First, there's language. Nearly three-quarters of Latino Americans report that they speak either only Spanish or a combination of Spanish and English at home. Simply having a direct translation of the survey questions is not enough, according a recent report by The Pew Research Center. Survey translations must take cultural differences and language nuances into account, so that all respondents will understand the questions in the same way.
For example, the question: “Do you talk about the campaign with people in your family?” would not fare well with a literal translation, says Courtney Kennedy, the director of survey research at Pew. “In the Spanish language, ‘family' tends to include more extended relationships, whereas in the English language when you say family people generally interpret that as immediate family, people that live in your household,” she says. “So you could get a systematically different answer for that type of question for Spanish speaking respondents versus English, just because that concept of family is different,” she says.

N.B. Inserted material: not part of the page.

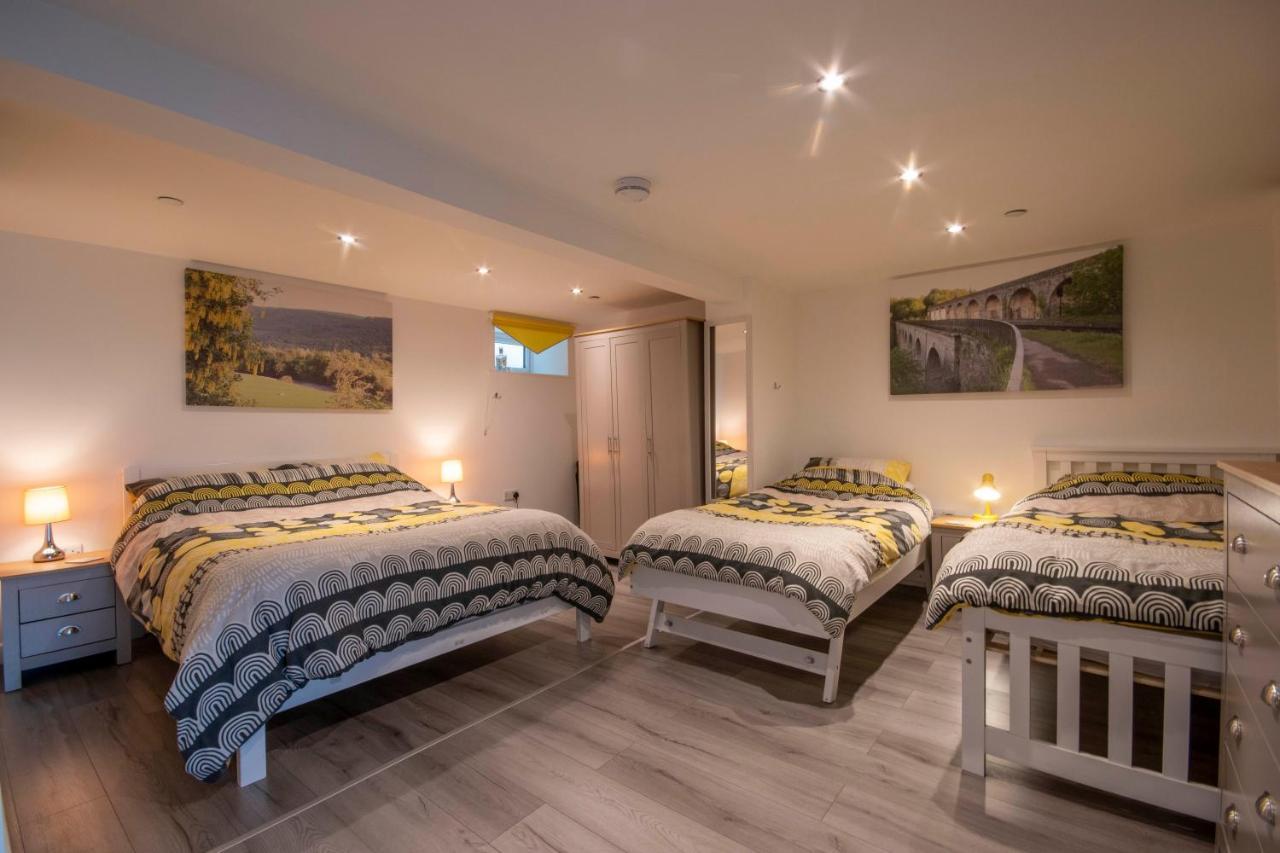 Apartamento Welsh Row House Llandegla Exterior foto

Sometimes, language barriers stop potential respondents from even picking up the phone. “If you receive a phone call from a number you don't know, and you don't speak the predominate language of the country, the likelihood of you picking up is relatively low,” explains Jeff Horwitt, the senior vice president of Hart Research, a D.C.-based polling firm, at a recent discussion at Columbia University. Adding to this, for Latino Americans who come from countries such as Cuba or El Salvador where freedom of expression is not a political right, the idea of polling may not feel safe. Adapting to this cultural norm in the United States takes time, Horwitt said.

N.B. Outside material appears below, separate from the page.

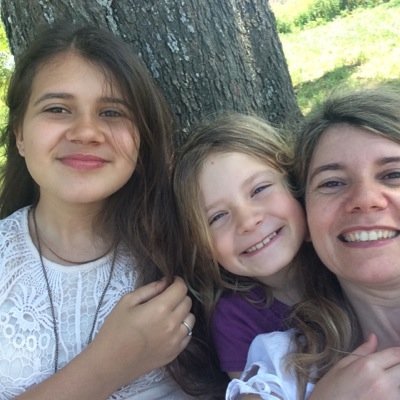 mamá de cande, cata, valen , santi y consta. esposa de diego.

Another factor is technology. Traditionally, pollsters relied on landlines. It costs more to poll cellphone numbers due to the 1991 Telephone Consumer Protection Act, which prohibits calling cellphones by automatic dialers—an efficient method for pollsters—and so, each number must be dialed manually, adding significantly to the time and cost of conducting a poll.
The proportion of adults who live in cellphone-only households has been steadily rising across the country, but more so in Latino-headed households. As of December 2014, about 45 percent of all American adults lived in cellphone-only households, whereas close to 60 percent of Latino adults did, according to stats from the U.S Department of Health and Human Services. This is due to several factors, including the higher percentage of Millennial Latinos and recent immigrants who tend to have land lines less frequently. “If you're not including the right percentage of cellphone-only respondents, you're not getting the right picture,” says Micah Roberts, the vice president of Public Opinion Strategies, another D.C.-based polling firm.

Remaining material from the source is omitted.